Crying about her financial conditions, she said that other kids go to school while she and her siblings head towards the market and then to traffic signals to sell flowers.

“Our roads are the same, but destinations different,” she reflected on her unheard dreams.

To a question about harsh weather conditions, Maryium replied that it didn’t matter if it was scorching hot or freezing cold, they had to sell their stuff.

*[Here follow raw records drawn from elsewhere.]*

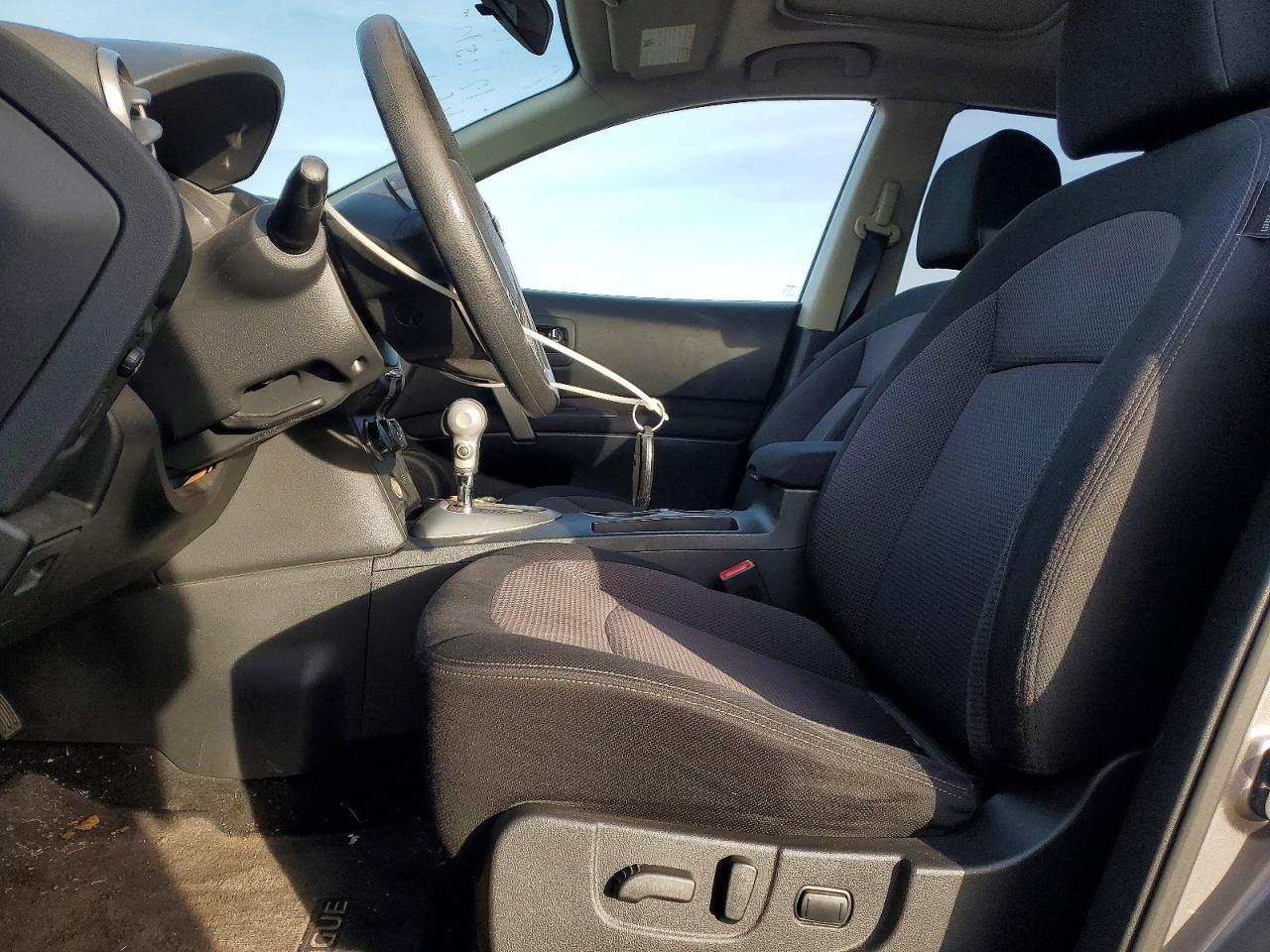 2011 NISSAN ROGUE S photo 7
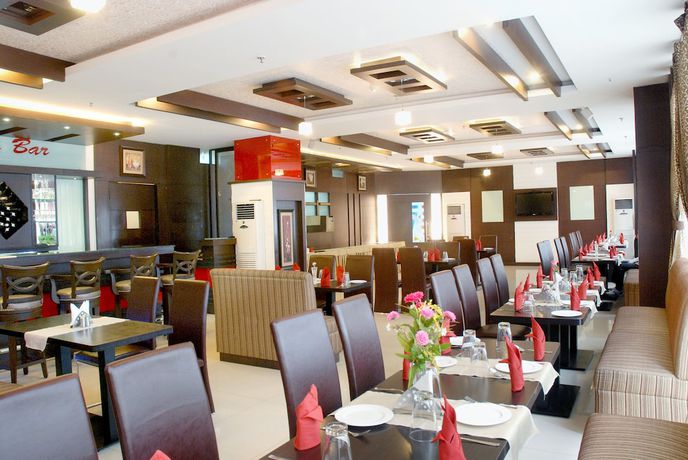 Imagen del bar/restaurante del Hotel Orbit, Chandigarh. Foto 5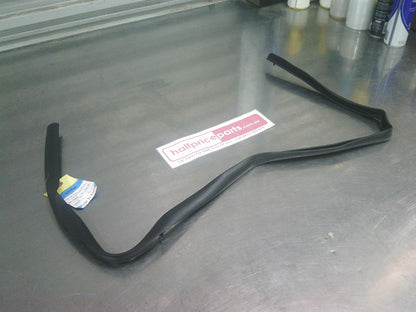 Holden JH/JG Cruze Genuine Right Hand Front Lower Center Pillar Weatherstrip New Part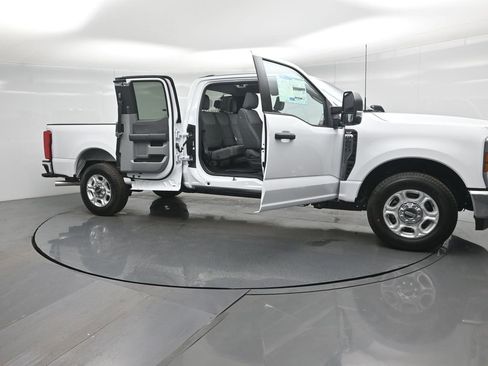 New 2026 Ford F250 XLT image 27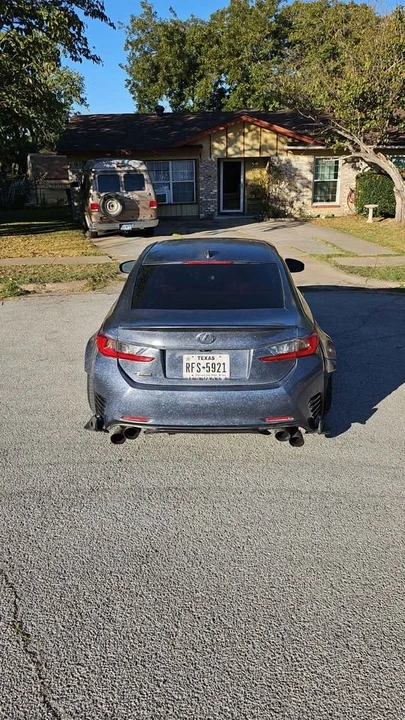 2015 Lexus RC - Image 5 of 12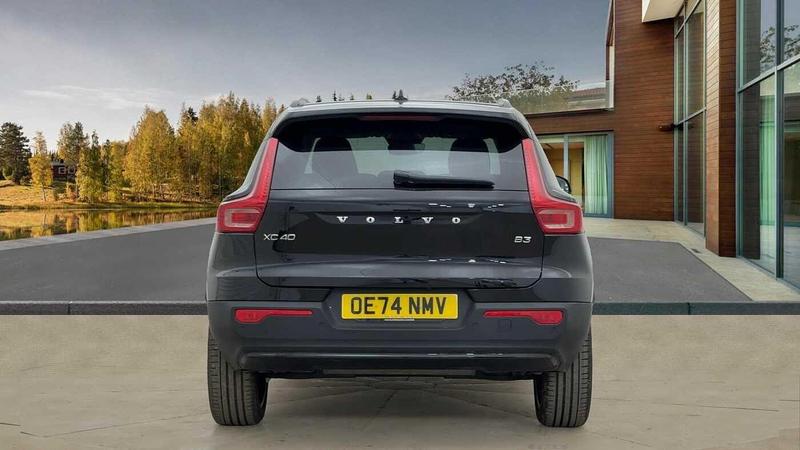Used Volvo XC40 2025 for sale - 76452814: Photo 4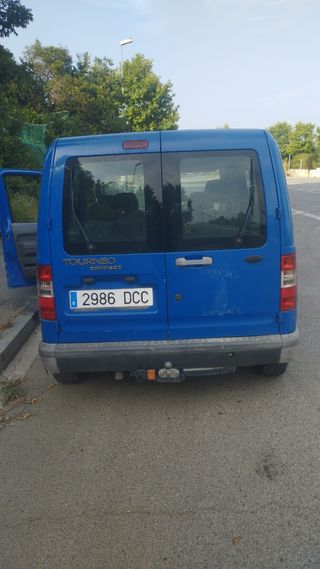 Ford Tourneo Connect 2005 se aceptan cambios 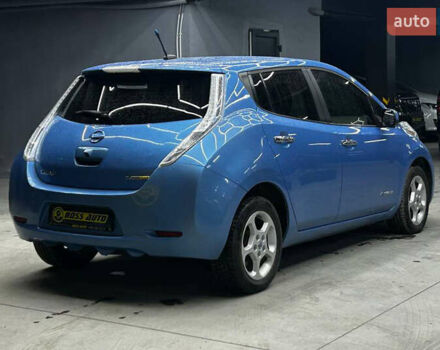 Ниссан Лиф 2013 в Черновцах на Automoto.ua Синий Ниссан Лиф, объемом двигателя 0 л и пробегом 130 тыс. км за 6000 $, фото 5 на Automoto.ua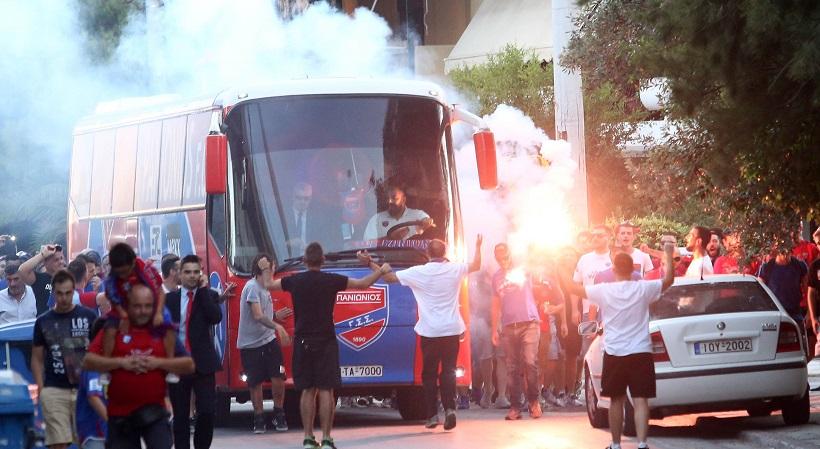 Πανδαιμόνιο στη Νέα Σμύρνη για τον Πανιώνιο (pics)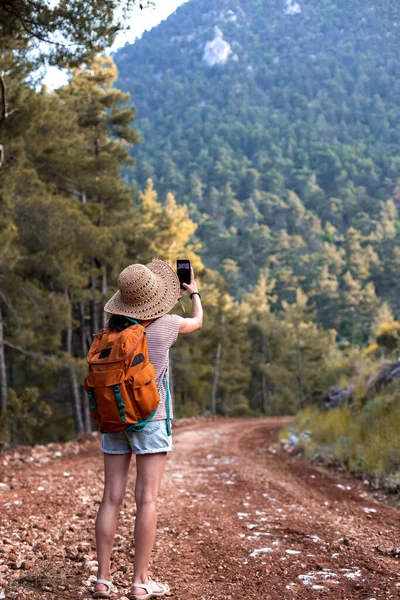 Ein Mädchen Fotografiert Mit Dem Smartphone Eine Wunderschöne Berglandschaft Eine — Stockfoto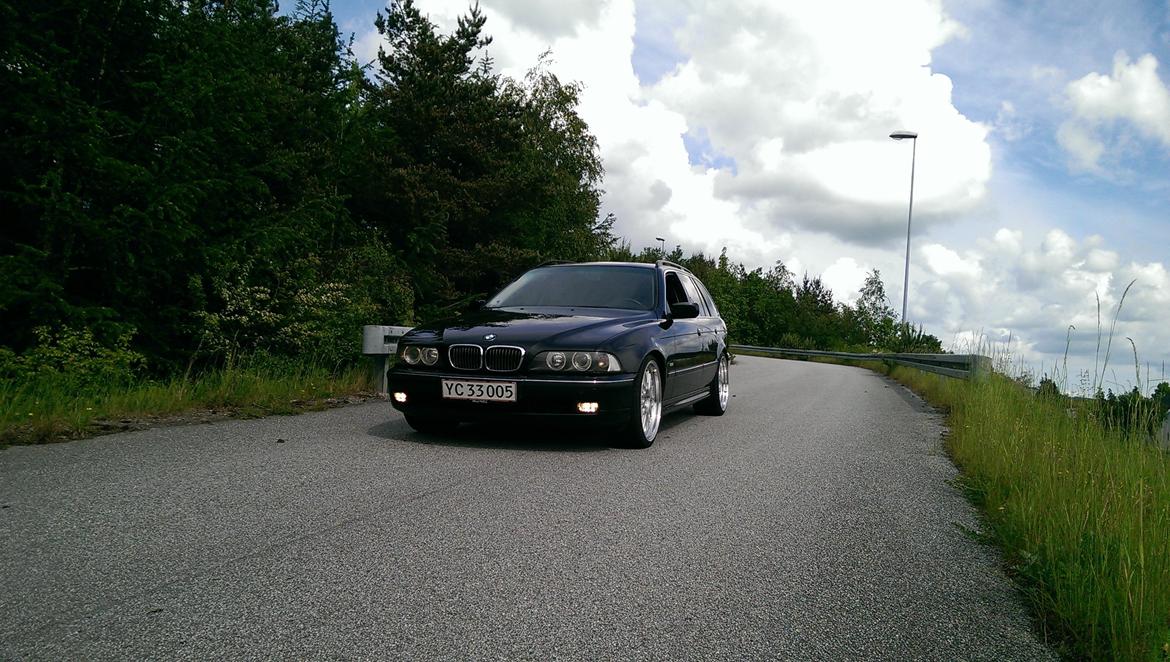 BMW e39 523i billede 2
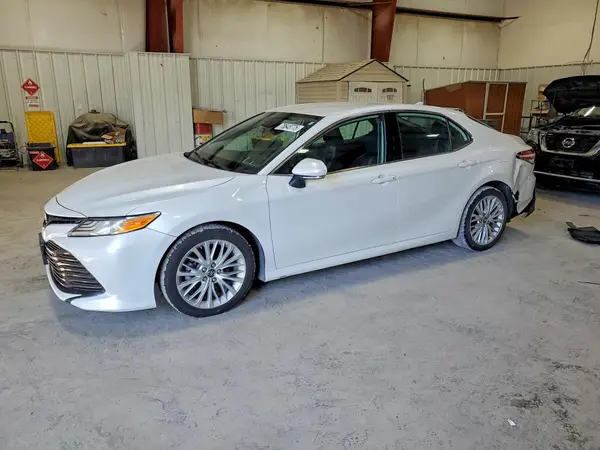 4T1B11HK6KU711484 2019 TOYOTA CAMRY - Image 1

The signal turned green and I left without purchasing flowers. However, I noticed that it was not Mariyum alone, but three other kids of school-going ages trying to sell items. Maryium is not the only girl on these roads. You can easily find many like her on various crossings and traffic signals in the capital. It is a tragedy that these little angels have to bear the comments and stares of different people. They don’t even know how to protect themselves from the mentally sick animals in human skin. These little flowers of our society are unaware of the filth that lies behind the smiling faces of their clients. They are unaware of the fact that seven-year-old Zainab from Kasur was maltreated by an animal in our society. Thousands of Zainabs are still on roads exposed to the dangers of the outside world. How can we protect them from sociopathic minds?

In the city of elites called Islamabad where Katchi abadis are full of kids like Maryium, one can easily find such kids on various traffic signals, crossings and markets.

The number of such working children has not reduced despite efforts of various governments and private sectors organisations to curb child labour.  It’s sad to watch little children who should be going to schools, on the streets. The children, who should be carrying pens and books, are lifting heavy bricks and selling items.

Each child has a right to enjoy a safe, carefree childhood. A survey conducted by Child Right Movement (CRM) last year claims over 12.5 million children in Pakistan are bounded to child labour.

Haidar Imtiaz, an Advocate from Islamabad High-Court told the scribe that there exists various laws regarding free and compulsory education, prohibition of child-labour, or regulating the working condition for adolescent workers.

Article 11(3) says that no child below the age of 14 years shall be engaged in any factory or mine or any other hazardous employment.

According to a report from a non-governmental organisation “Sahil” which works on child sexual abuse cases says that in the first six months of 2017, an estimated 1764 child abuse cases (with age group of 5 to 18 years).

As compared to 2016, there was a decrease in child sexual abuse cases but the female minor rape cases were increased by 20 percent.

Gohar Mumtaz, a social activist from ‘Sahil’ informed that it is their keen attempt to get those cases recorded. After the Kasur incident, we recorded hundred cases, related to sexual abuse, Mumtaz  added.